- AIM OF THE TASK -
Retype exactly the span of lines below from the one with "3 Bedroom Home in Brampton image" through the one with "Wirtgen W 50 DC Fraiseuse à froid". Do not include pictures.

- INPUT DATA -
* * *

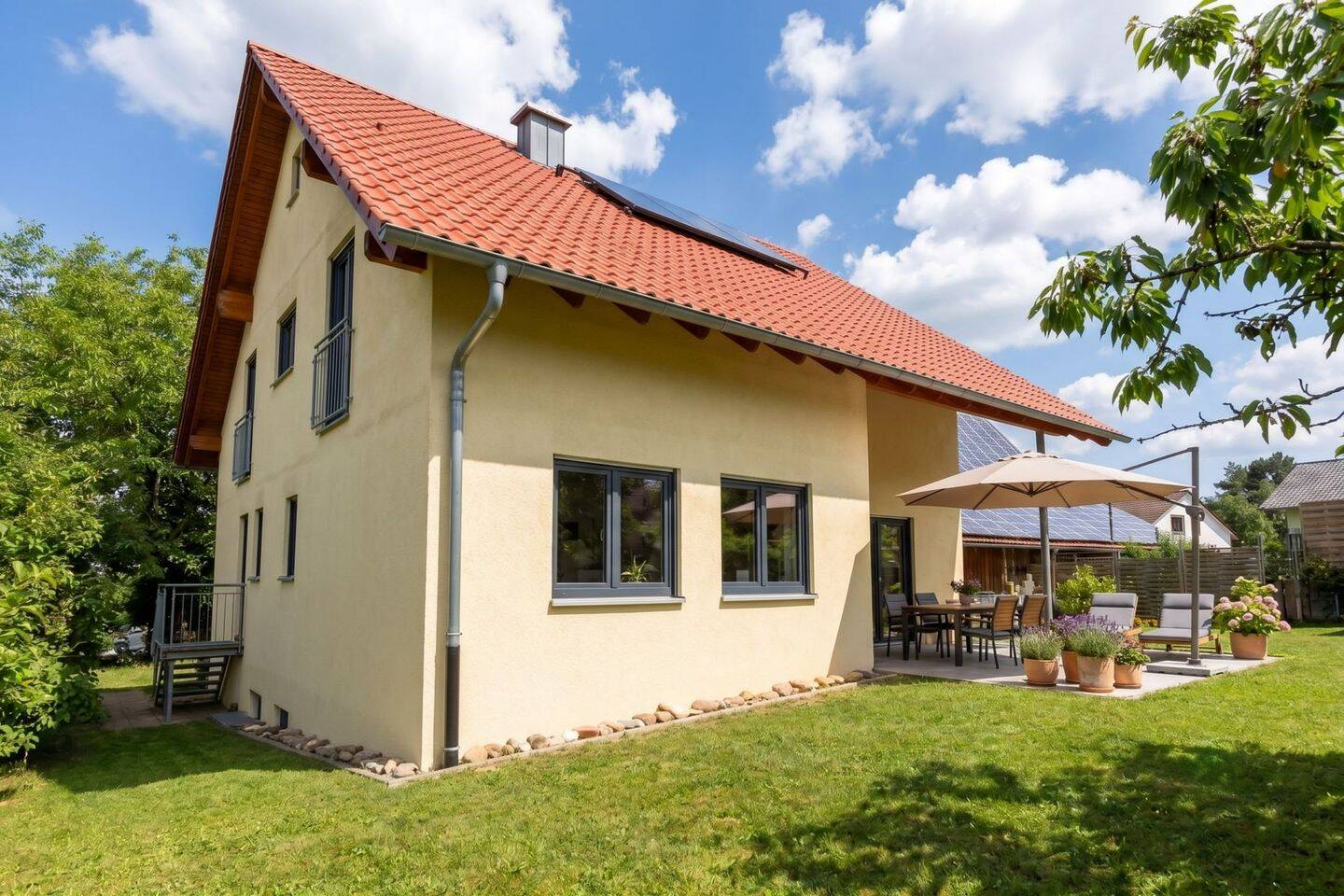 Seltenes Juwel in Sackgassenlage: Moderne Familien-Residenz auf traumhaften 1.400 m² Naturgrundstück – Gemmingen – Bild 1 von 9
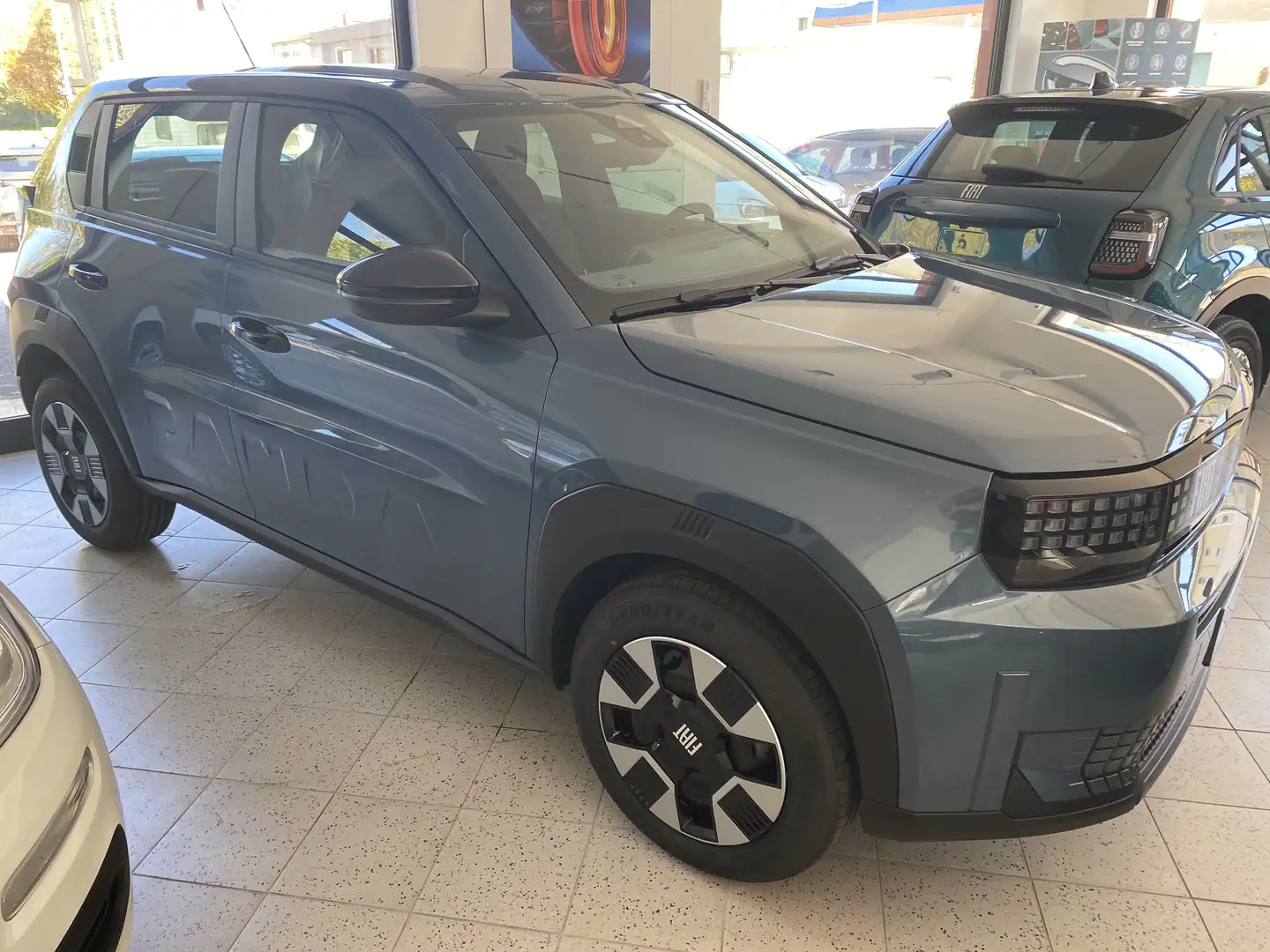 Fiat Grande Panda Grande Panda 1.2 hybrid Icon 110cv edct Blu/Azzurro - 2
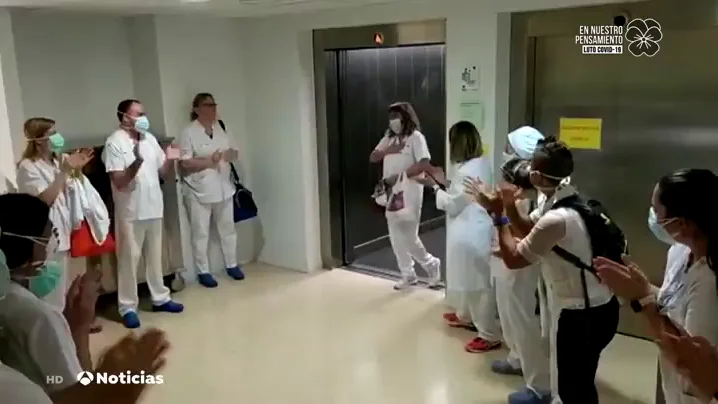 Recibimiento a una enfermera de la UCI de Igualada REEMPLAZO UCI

* * *

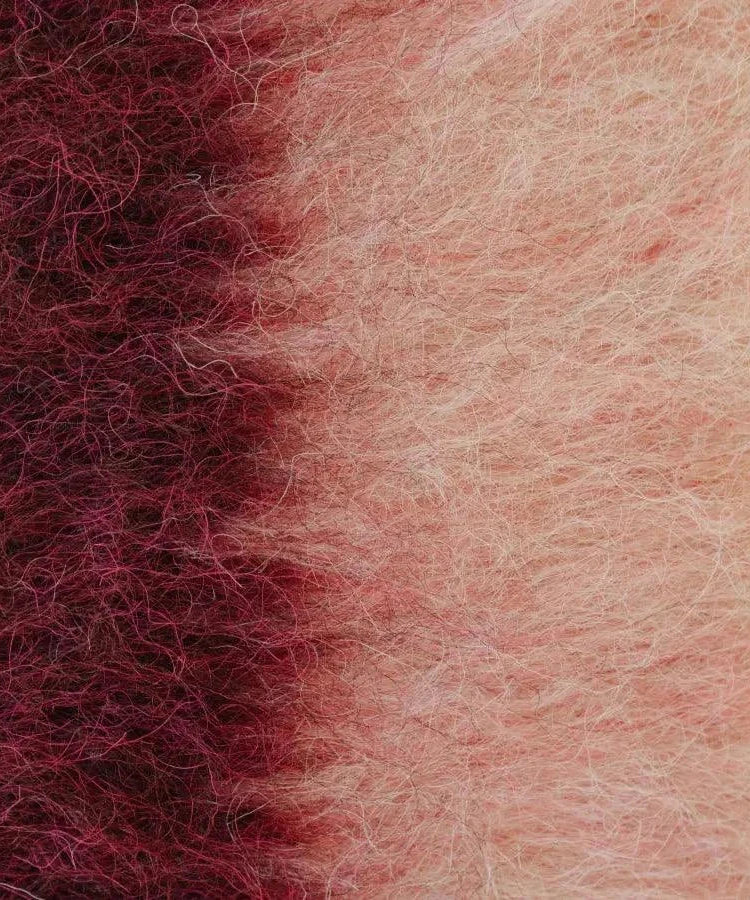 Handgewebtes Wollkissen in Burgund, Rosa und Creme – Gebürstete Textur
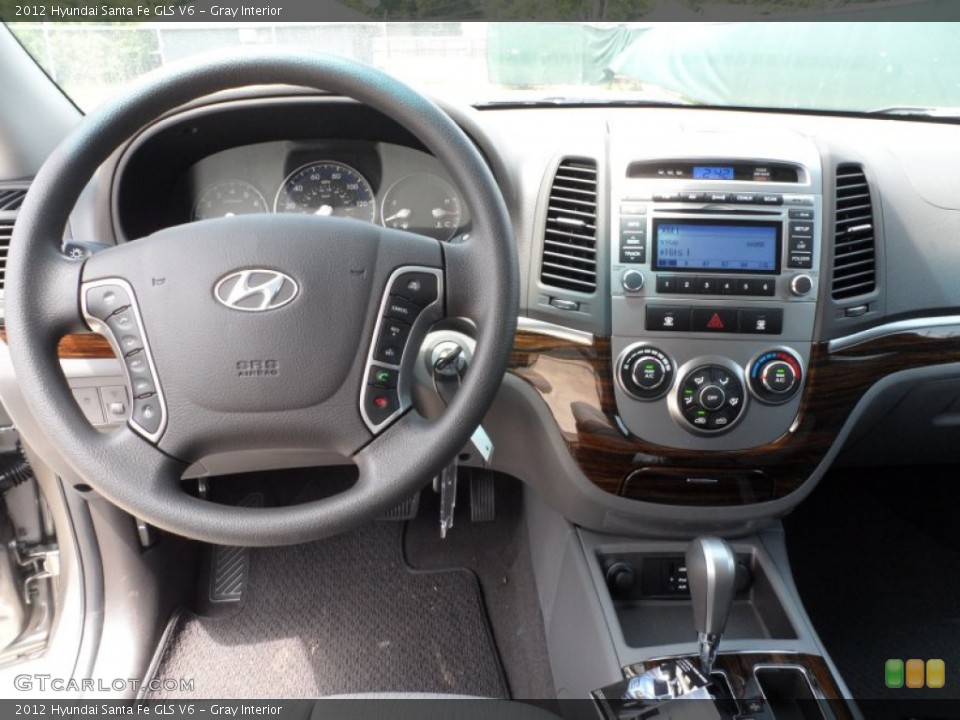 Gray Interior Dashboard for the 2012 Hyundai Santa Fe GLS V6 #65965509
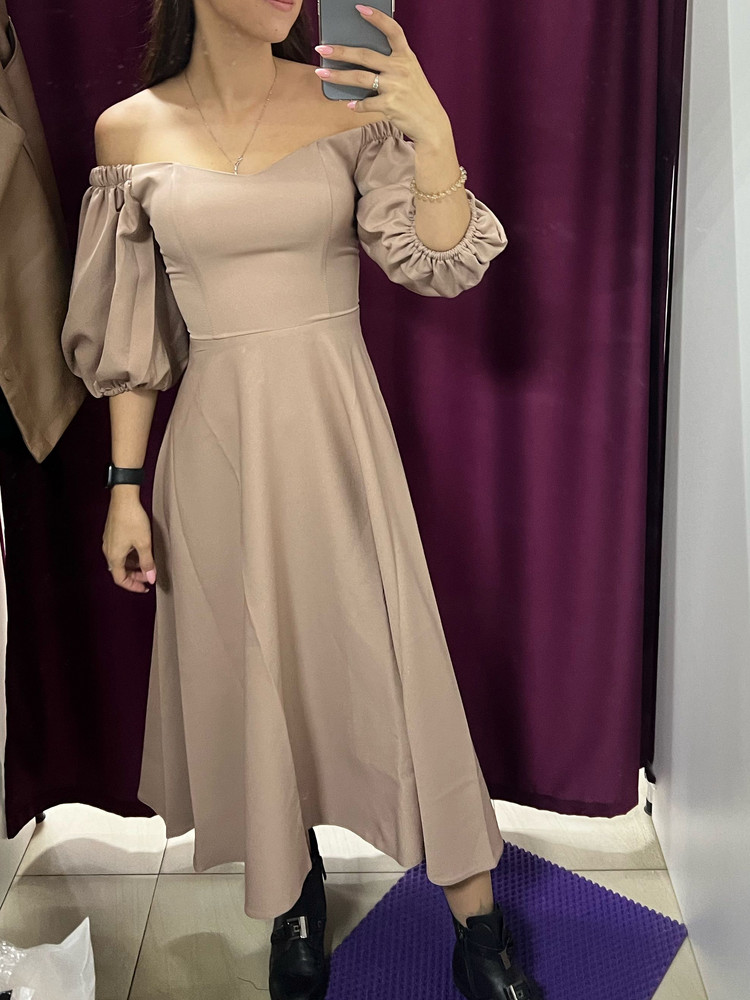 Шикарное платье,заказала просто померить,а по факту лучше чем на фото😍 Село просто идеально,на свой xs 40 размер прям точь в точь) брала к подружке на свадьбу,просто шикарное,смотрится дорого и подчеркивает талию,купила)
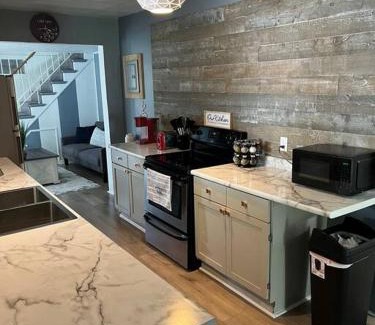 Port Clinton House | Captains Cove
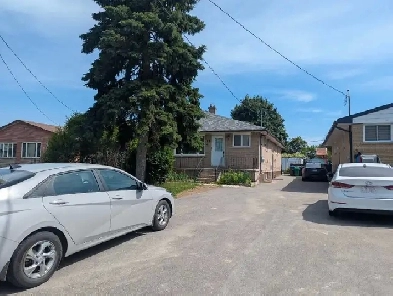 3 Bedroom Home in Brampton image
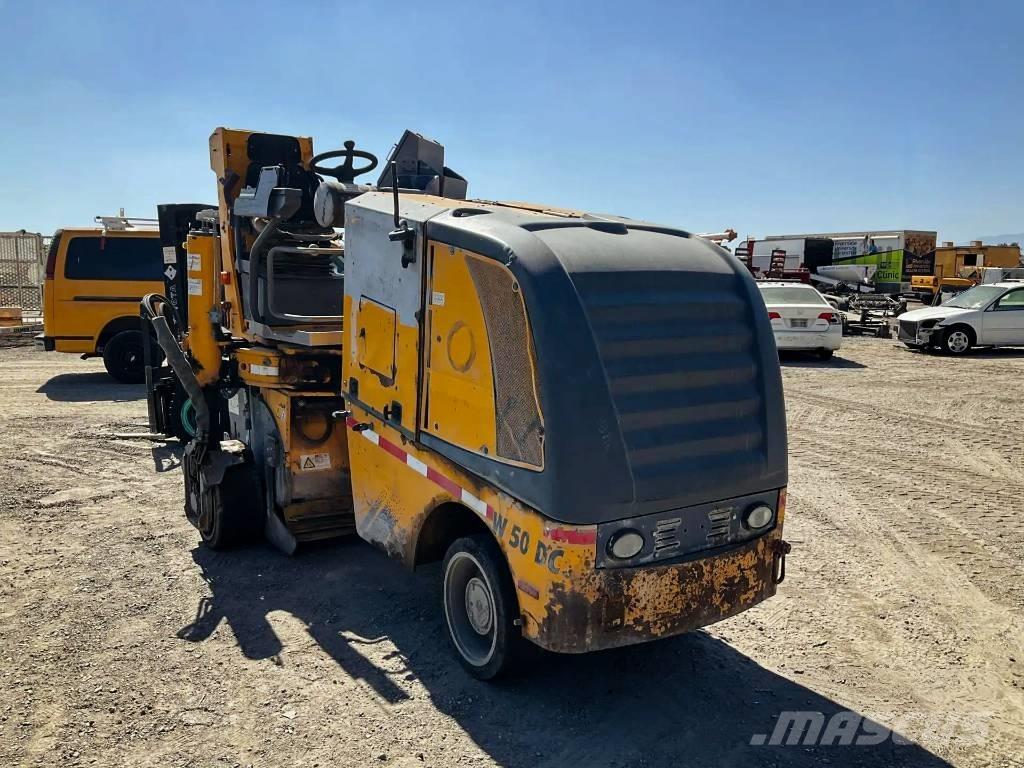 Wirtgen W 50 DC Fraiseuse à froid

* * *

- FINISHED TASK -
 3 Bedroom Home in Brampton image
 Wirtgen W 50 DC Fraiseuse à froid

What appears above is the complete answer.